Ecrivain, Professeur agrégé en économie, Africain, Samir Amin est décédé hier à Paris à l’âge de 87 ans. Militant infatigable de la lutte contre l’impérialisme, il était le président du Forum du tiers-monde basé à Dakar.
Avec la disparition de l’économiste égyptien Samir Amin, l’Afrique vient de perdre un théoricien des échanges inégaux, ainsi que l’un des fondateurs de l’Altermondialisme. Né au Caire d’une mère française et d’un père égyptien, ce grand intellectuel est mort hier à l’âge de 87 ans à Paris. D’origine bourgeoise égyptienne, il a embrassé dès son plus jeune âge la cause des opprimés, au point d’adhérer très tôt au Parti communiste en France qu’il finira par quitter sur le tard.
Professeur d’économie, connu pour son engagement sur les questions liées à la lutte contre l’impérialisme, Samir Amin était le président du Forum mondial des alternatives (Fma) et directeur du Forum du tiers-monde à Dakar. A ce titre, il intervenait souvent sur les questions comme l’aide occidentale destinée aux pays africains et le franc Cfa. L’un de ses ouvrages majeurs, Le développement inégal, publié dans les années 70, a fini par asseoir sa réputation de grand économiste anticapitaliste. Il y a popularisé la théorie du développement du capitalisme en un centre où l’appareil de production s’est développé, et où le prolétariat se transforme progressivement en classe moyenne, et qui s’oppose aux périphéries d’où sont extraites les matières premières, mais dont la classe ouvrière ne peut accéder à l’autonomie matérielle.
Un des pères fondateurs de l’Altermondialisme, Samir Amin, dans une interview accordée à Rfi en 2017, parlait des nouvelles formes d’impérialisme qui «s’expriment par la conditionnalité». Il soutenait : «Ce que l’on appelle l’aide occidentale, les soi-disant donateurs, les Etats-Unis, les pays européens, l’Union européenne, le Japon et leurs instruments internationaux imposent aux pays africains la conditionnalité, c’est-à-dire qu’ils ne peuvent accéder au marché mondial qu’à la condition d’accepter que leur politique nationale soit soumise aux principes du libéralisme, à savoir la privatisation de toutes les activités économiques, les services sociaux, l’ouverture incontrôlée au capital, etc.» Il déclarait dans cet entretien que «les Occidentaux prétendent que les pays qui accepteraient ces règles se verraient bénéficier d’un apport de capitaux gigantesques qui permettraient leur développement. Ce n’est pas le cas. Pour lui, cela donnait plutôt «la possibilité du pillage des ressources naturelles du continent africain, non seulement le pétrole et le gaz, mais également les nouvelles ressources naturelles que sont la terre agricole et, on peut dire, l’eau et l’air». Cette interview ainsi que son abondante production intellectuelle démontrent que pour l’homme, la lutte contre l’impérialisme ne souffrait d’aucune forme de retraite ou de repos. Avec sa disparition, d’autres militants devront certainement poursuivre son combat.

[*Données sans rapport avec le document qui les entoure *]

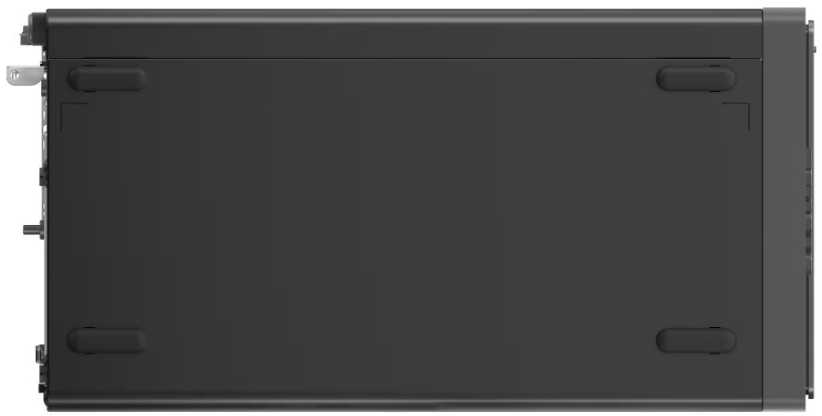 Lenovo ThinkCentre neo 50t Gen 5 Intel® Core™ i3 i3-14100 8 GB DDR5-SDRAM 256 GB SSD Windows 11 Pro Tower PC Juodas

L’économiste Demba Moussa Dembélé, président de l’Ong Arcade, qui a été l’un de ses plus proches collaborateurs au sein du Forum social mondial (Fsm) et du Forum du tiers-monde, a déclaré hier, à l’annonce de sa mort, que «la disparition du Pr. Samir Amin est une perte immense pour l’Afrique et le monde. Durant plus de 60 ans, il a été aux côtés des Peuples du sud pour leur libération du joug colonial, de l’oppression capitaliste et de la domination impérialiste. Arcade et ses membres sont fiers d’avoir été des compagnons du Pr. Samir Amin».
Au mois de mars dernier, il nous avait encore fait l’honneur de célébrer le bicentenaire de Karl Marx lors d’un «Samedi de l’économe» spécial, organisé à cette occasion.